# NVIDIA driver for a PowerPC



## pavl (Oct 24, 2012)

Hello,

First I am completely new to FreeBSD... and still learning from the handbook :stud.

I installed "FreeBSD RELEASE 9.0" of on my laptop which is a "PowerBook G4 12 inches" with a "NVIDIA GeForce4 440 Go 64M" video card.

I installed the x11-drivers/xf86-video-nv driver for X11. It is working but it is slow under Xfce4. I tried to install the x11-drivers/xf86-video-nouveau driver to see if it could perform better, no luck.
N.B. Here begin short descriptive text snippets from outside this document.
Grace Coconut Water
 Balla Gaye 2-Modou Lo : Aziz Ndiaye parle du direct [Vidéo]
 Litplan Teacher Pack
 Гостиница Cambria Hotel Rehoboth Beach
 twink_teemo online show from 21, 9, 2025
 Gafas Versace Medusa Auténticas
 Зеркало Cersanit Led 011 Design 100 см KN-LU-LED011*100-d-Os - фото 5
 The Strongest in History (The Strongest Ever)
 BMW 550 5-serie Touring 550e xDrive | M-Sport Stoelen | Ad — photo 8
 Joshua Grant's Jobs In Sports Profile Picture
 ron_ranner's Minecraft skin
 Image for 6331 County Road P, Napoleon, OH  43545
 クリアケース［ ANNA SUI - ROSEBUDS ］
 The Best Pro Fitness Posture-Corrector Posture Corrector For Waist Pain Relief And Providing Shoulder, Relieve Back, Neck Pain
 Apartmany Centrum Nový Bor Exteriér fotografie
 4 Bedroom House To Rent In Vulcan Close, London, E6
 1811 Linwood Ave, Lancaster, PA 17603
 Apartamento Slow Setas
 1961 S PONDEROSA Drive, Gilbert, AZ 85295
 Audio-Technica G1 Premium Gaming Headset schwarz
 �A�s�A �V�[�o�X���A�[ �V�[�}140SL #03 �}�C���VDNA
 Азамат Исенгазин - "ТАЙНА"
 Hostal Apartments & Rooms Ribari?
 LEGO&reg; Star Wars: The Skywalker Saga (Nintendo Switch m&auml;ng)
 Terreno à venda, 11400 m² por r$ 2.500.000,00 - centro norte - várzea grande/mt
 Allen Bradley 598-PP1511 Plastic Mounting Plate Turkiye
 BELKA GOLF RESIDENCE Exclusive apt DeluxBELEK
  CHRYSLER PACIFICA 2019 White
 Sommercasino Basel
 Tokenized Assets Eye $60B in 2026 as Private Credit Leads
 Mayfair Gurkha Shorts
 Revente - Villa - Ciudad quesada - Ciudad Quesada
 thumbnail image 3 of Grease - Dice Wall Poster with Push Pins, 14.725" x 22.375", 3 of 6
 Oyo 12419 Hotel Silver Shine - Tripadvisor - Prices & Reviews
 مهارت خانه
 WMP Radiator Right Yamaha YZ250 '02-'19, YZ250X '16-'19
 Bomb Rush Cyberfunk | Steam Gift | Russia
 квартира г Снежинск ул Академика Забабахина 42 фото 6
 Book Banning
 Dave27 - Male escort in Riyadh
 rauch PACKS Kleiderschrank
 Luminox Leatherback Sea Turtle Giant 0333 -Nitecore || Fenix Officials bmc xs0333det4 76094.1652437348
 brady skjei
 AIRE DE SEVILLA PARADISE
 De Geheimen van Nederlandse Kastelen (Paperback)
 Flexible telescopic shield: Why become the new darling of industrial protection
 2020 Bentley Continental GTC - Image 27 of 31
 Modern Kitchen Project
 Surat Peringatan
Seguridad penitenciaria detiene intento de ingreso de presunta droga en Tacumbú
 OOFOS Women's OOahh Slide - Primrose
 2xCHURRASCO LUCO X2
It seems that the driver is not supported for "powerpc".

Is there a way to install a NVIDIA driver for PowerPC?

Thank you,

~ pavl


----------



## jaxxed (Oct 25, 2012)

Did you check here: http://www.freebsd.org/doc/en/articles/compiz-fusion/nvidia-setup.html ?

There is a blob nvidia driver available (if you don't mind closed source drivers) The nv port is pretty ancient, and nouveau is broken due to it's depenence on KMS, which freeBSD is only getting now (fbsd10).

Check the nvidia provided binary driver for compatibility wth your card.


----------



## SirDice (Oct 25, 2012)

The nvidia driver (x11/nvidia-driver) is only available for AMD64 and i386.

You're stuck with x11-drivers/xf86-video-nv.


----------



## pavl (Oct 26, 2012)

Thank you but ... it's sad too


----------



## sossego (Oct 31, 2012)

There was a mention on the mailing list about someone who is trying to port a 3d driver. All help and input is appreciated.


----------